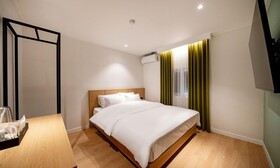 Hound Hotel Gumi indong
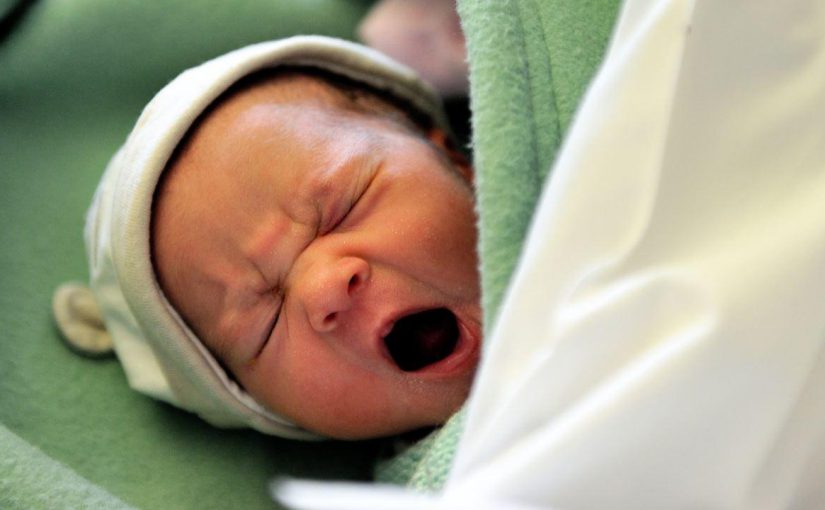 Не все новороссийские семьи будут получать по 10 тысяч «президентских» в месяц на младенца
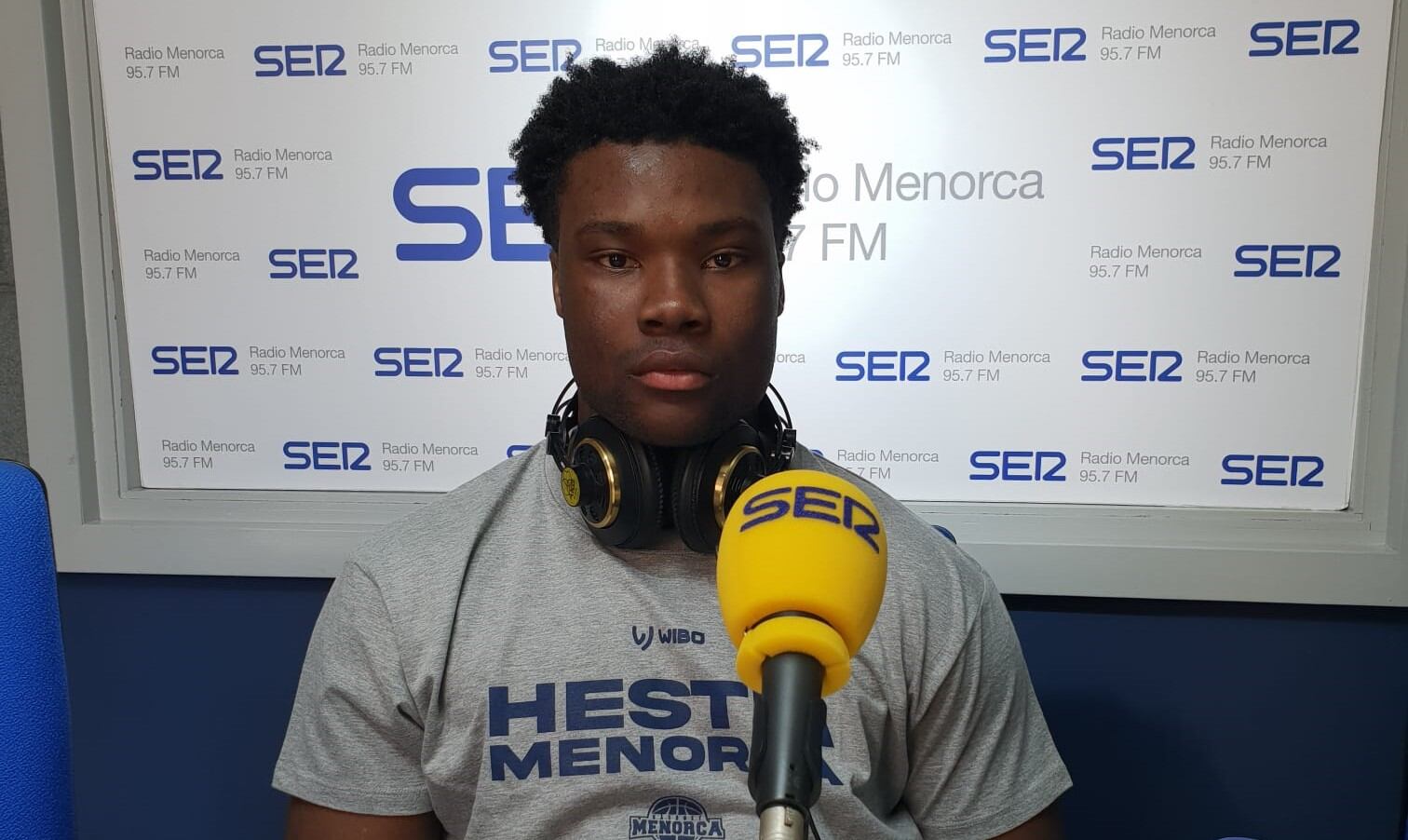 El nou pivot de l'Hestia té moltes ganes de debutar amb el seu nou equip.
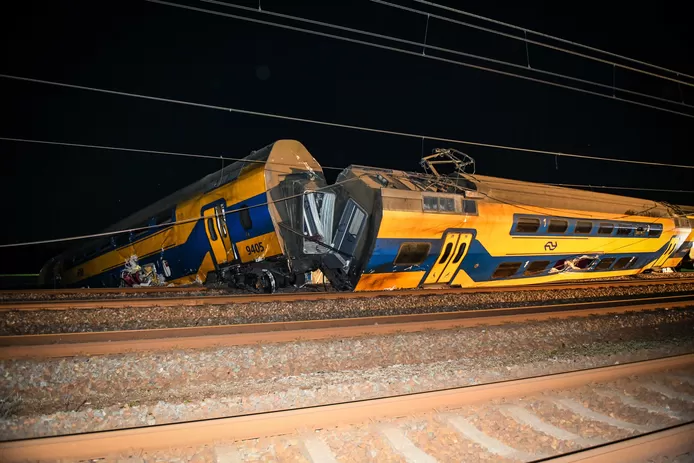 (ВИДЕО) В Нидерландах сошел с рельсов пассажирский поезд. Один человек погиб, десятки пострадали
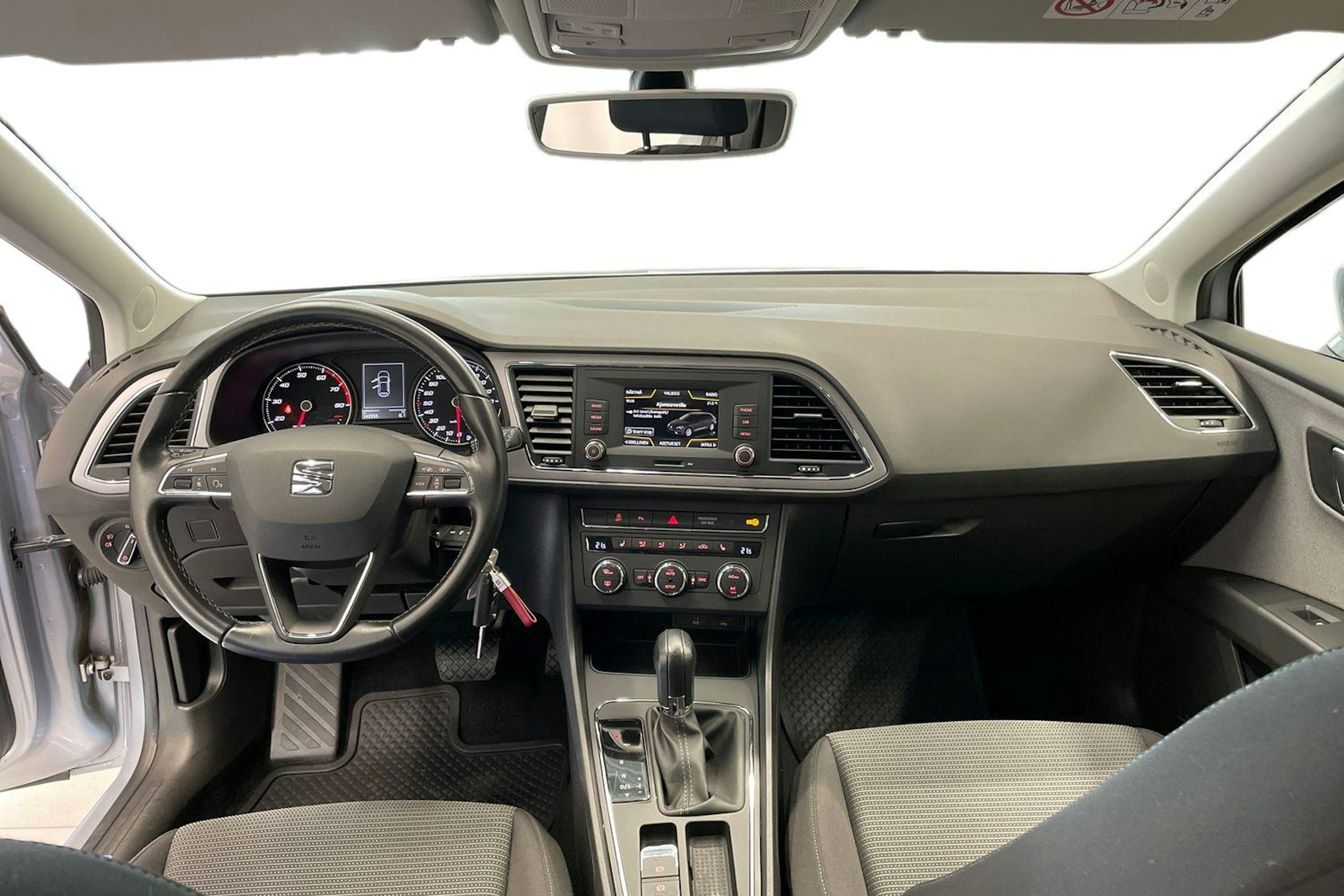 Harmaa SEAT Leon ST 2018 kuva 7.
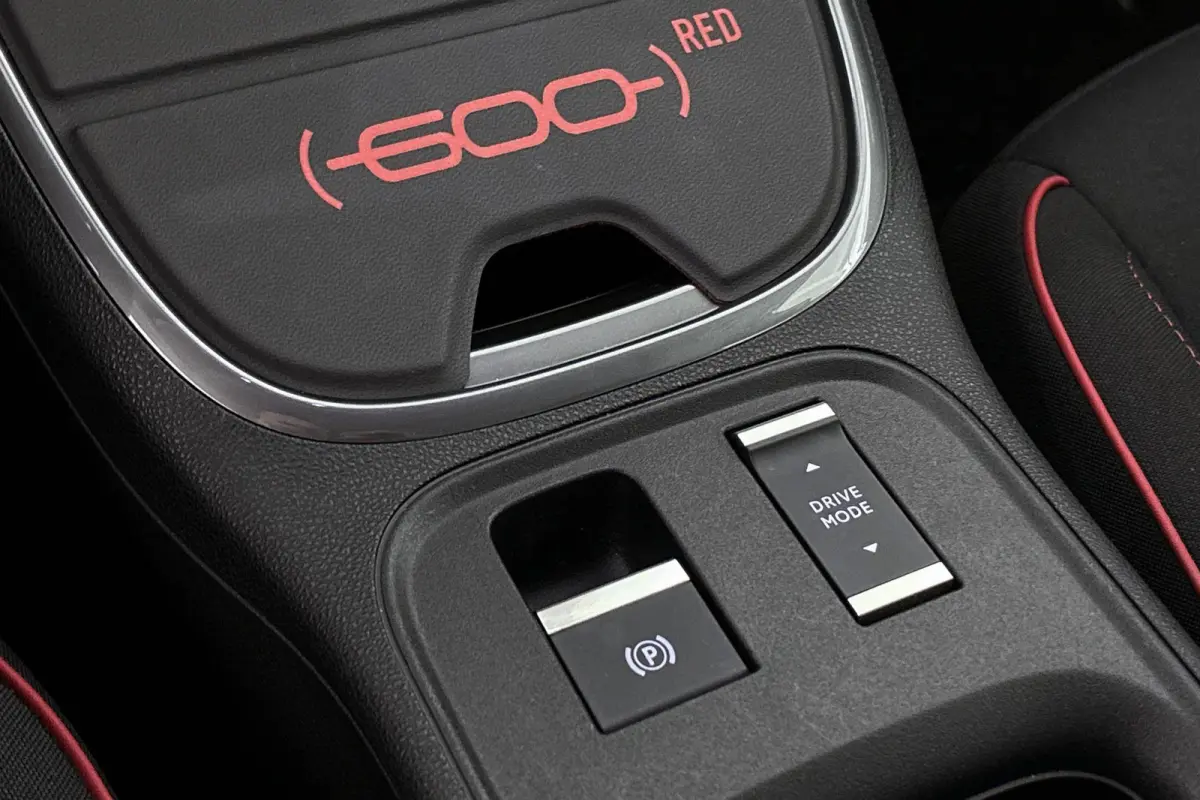 RED 54 kWh Apple CarPlay Climate Control SOH 95%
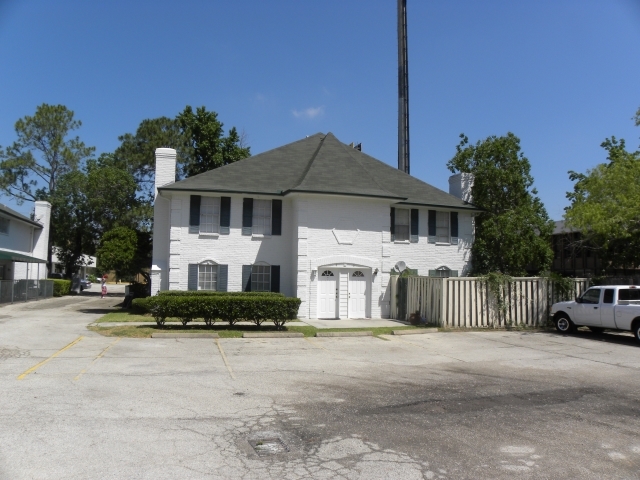 Building Photo - 6119 FM 1960 Rd W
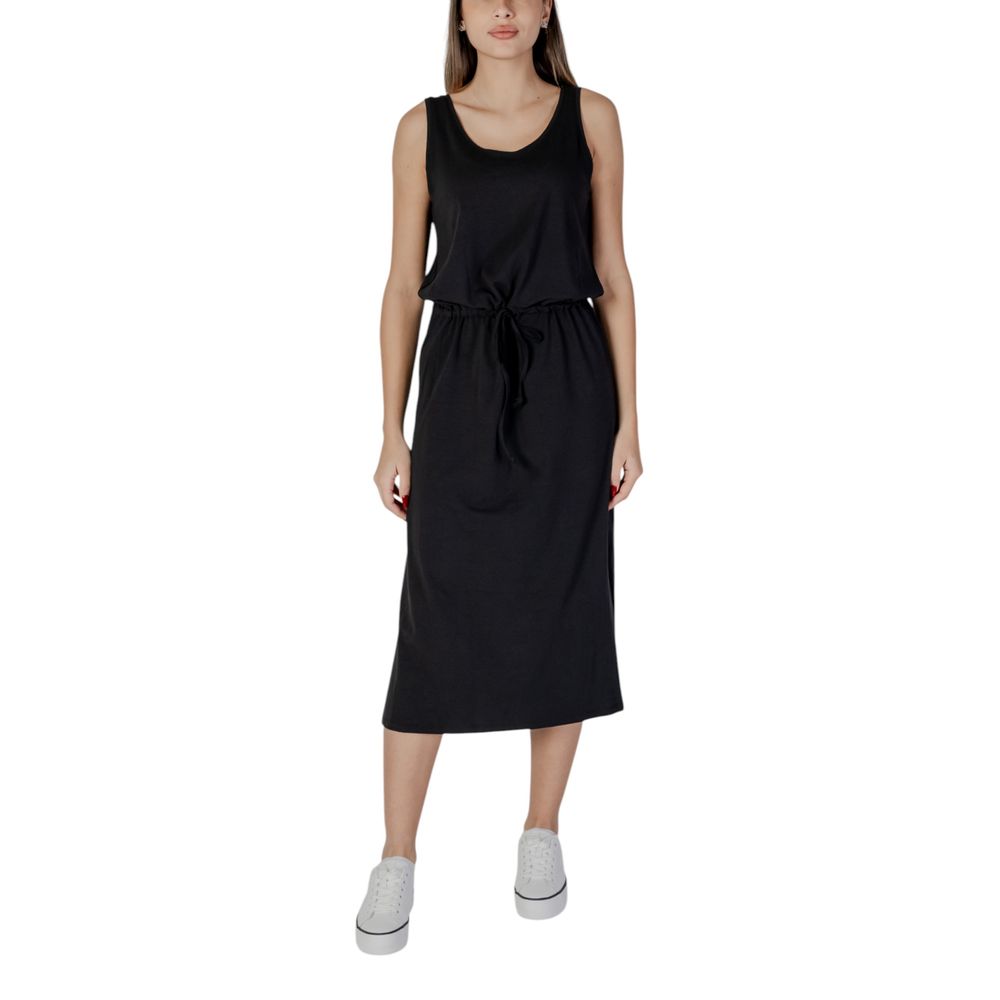 B.Young Black Cotton Long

**What the task asks**
Restate, word for word, the entries above, dropping any picture.

**Answer section**
 Hound Hotel Gumi indong
 Не все новороссийские семьи будут получать по 10 тысяч «президентских» в месяц на младенца
 El nou pivot de l'Hestia té moltes ganes de debutar amb el seu nou equip.
 (ВИДЕО) В Нидерландах сошел с рельсов пассажирский поезд. Один человек погиб, десятки пострадали
 Harmaa SEAT Leon ST 2018 kuva 7.
 RED 54 kWh Apple CarPlay Climate Control SOH 95%
 Building Photo - 6119 FM 1960 Rd W
 B.Young Black Cotton Long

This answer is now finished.